The problem:
Provide only the number of lines in the records where "parts" appears.

+ + + +

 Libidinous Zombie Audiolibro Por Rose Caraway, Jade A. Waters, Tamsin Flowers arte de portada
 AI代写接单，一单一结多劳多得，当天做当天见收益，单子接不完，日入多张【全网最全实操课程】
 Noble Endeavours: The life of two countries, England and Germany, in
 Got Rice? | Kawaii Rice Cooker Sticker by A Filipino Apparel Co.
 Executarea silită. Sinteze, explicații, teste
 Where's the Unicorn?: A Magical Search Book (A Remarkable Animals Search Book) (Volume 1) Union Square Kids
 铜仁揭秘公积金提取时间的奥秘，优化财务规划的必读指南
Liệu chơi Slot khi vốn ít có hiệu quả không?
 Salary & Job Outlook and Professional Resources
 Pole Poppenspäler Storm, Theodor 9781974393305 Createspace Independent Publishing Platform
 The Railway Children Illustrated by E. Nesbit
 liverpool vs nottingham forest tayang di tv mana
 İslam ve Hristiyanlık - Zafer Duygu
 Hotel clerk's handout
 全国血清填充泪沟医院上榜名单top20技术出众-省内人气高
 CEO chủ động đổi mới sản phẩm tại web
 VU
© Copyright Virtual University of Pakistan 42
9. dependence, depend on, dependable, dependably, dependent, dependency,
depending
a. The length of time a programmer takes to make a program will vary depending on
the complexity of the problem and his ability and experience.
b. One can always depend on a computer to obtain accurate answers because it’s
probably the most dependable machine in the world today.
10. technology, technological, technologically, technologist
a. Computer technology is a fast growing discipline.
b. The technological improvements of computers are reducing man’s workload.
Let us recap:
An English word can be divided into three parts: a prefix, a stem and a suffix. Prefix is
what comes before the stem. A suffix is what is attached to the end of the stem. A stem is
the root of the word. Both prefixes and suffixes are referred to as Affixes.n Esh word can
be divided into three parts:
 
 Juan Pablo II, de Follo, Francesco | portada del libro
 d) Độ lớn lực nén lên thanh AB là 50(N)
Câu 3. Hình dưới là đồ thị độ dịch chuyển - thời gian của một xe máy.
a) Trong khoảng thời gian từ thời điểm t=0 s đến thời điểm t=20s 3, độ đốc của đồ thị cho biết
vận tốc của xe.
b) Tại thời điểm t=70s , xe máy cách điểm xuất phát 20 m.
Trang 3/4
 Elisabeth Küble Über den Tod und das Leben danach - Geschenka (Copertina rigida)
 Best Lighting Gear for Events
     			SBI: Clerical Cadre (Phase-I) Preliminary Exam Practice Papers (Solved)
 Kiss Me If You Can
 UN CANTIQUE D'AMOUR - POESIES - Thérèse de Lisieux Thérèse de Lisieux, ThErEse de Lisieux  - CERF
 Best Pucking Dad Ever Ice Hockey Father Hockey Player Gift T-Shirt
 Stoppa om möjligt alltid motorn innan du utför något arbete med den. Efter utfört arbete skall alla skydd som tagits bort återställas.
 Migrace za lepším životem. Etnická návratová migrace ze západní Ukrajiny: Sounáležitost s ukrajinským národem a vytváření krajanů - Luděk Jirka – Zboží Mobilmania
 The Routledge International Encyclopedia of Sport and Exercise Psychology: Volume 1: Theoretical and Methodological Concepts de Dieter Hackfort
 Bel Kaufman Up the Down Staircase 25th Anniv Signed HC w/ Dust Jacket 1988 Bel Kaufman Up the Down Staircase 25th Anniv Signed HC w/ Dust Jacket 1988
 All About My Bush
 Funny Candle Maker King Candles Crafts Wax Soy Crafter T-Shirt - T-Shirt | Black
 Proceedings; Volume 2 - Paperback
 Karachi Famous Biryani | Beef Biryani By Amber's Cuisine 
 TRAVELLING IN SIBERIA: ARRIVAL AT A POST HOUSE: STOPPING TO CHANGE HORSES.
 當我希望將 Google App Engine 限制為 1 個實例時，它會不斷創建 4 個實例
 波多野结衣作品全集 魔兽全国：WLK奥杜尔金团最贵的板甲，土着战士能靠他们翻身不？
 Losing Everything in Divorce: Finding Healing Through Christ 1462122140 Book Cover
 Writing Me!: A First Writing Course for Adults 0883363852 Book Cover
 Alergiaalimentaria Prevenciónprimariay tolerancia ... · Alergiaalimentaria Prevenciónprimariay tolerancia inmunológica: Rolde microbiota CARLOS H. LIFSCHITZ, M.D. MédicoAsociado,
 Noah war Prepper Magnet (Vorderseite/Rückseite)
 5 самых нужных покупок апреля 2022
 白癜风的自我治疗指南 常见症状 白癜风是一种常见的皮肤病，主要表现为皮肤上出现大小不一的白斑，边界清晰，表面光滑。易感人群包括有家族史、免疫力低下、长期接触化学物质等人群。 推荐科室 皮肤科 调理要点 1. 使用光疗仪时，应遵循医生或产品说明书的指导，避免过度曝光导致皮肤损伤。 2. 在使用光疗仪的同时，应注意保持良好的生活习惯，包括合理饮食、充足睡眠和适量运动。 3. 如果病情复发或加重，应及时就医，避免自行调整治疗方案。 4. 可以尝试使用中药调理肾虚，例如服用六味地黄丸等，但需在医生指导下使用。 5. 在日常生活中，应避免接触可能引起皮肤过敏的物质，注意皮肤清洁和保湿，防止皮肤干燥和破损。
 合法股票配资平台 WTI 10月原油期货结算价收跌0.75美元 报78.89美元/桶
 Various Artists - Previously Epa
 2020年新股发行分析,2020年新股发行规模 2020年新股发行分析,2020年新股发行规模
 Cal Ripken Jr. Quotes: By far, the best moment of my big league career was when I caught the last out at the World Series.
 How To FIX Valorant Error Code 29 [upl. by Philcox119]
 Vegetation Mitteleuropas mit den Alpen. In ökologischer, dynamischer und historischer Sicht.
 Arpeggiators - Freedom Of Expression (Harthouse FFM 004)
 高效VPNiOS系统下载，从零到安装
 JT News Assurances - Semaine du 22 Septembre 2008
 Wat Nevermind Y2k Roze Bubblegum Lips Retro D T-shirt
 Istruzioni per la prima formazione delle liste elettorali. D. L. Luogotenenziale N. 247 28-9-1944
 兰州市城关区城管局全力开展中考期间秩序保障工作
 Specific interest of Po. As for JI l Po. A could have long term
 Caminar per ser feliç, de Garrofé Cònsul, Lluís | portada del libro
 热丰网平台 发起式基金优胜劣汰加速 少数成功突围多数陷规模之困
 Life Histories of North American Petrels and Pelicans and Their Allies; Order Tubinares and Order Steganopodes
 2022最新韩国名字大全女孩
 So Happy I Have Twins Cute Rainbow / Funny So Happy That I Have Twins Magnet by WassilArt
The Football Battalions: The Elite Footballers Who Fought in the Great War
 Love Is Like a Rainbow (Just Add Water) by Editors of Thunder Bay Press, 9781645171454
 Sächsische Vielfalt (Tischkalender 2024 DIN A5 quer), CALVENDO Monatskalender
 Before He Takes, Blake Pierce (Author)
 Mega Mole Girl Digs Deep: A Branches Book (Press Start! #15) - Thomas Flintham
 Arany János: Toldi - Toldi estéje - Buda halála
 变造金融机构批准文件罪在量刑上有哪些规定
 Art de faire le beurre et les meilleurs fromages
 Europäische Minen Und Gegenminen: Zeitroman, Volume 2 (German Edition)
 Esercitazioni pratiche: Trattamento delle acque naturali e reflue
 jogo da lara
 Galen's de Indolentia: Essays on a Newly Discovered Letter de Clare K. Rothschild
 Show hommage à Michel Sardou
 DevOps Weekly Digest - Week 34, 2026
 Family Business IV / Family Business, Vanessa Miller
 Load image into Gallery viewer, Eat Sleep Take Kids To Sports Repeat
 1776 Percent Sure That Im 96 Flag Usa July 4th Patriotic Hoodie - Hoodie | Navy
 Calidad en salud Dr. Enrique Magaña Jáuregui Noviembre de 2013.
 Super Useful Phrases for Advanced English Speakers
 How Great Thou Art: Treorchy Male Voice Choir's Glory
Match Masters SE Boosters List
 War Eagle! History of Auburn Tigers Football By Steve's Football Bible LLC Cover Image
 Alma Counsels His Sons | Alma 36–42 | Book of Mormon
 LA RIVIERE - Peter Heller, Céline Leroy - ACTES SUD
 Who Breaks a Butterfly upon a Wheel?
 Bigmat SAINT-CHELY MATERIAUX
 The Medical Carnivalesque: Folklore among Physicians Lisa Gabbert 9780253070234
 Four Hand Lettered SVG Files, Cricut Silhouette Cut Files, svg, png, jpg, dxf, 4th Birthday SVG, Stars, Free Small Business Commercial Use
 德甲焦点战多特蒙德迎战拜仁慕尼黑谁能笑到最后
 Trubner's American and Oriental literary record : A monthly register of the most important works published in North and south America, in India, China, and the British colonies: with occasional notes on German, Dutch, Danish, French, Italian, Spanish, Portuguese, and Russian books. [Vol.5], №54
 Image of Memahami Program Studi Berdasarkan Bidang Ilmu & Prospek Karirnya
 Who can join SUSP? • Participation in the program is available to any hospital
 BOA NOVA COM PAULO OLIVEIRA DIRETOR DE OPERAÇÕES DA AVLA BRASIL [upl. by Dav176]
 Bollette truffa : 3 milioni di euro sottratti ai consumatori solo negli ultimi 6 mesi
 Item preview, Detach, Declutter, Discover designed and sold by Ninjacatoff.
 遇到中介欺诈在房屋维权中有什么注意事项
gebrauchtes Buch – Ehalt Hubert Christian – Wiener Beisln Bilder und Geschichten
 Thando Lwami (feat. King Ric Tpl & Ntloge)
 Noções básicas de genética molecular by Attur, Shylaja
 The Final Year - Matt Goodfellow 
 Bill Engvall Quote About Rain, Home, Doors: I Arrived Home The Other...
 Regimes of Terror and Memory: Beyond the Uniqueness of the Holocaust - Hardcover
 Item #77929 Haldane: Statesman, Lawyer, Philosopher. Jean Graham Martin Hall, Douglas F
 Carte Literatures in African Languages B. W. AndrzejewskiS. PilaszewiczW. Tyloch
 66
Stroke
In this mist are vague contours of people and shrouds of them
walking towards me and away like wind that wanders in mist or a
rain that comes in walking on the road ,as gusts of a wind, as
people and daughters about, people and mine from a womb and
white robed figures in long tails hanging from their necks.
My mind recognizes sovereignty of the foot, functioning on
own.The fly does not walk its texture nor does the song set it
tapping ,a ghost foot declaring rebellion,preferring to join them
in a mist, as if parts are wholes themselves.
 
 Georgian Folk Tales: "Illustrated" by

+ + + +

Answer:
3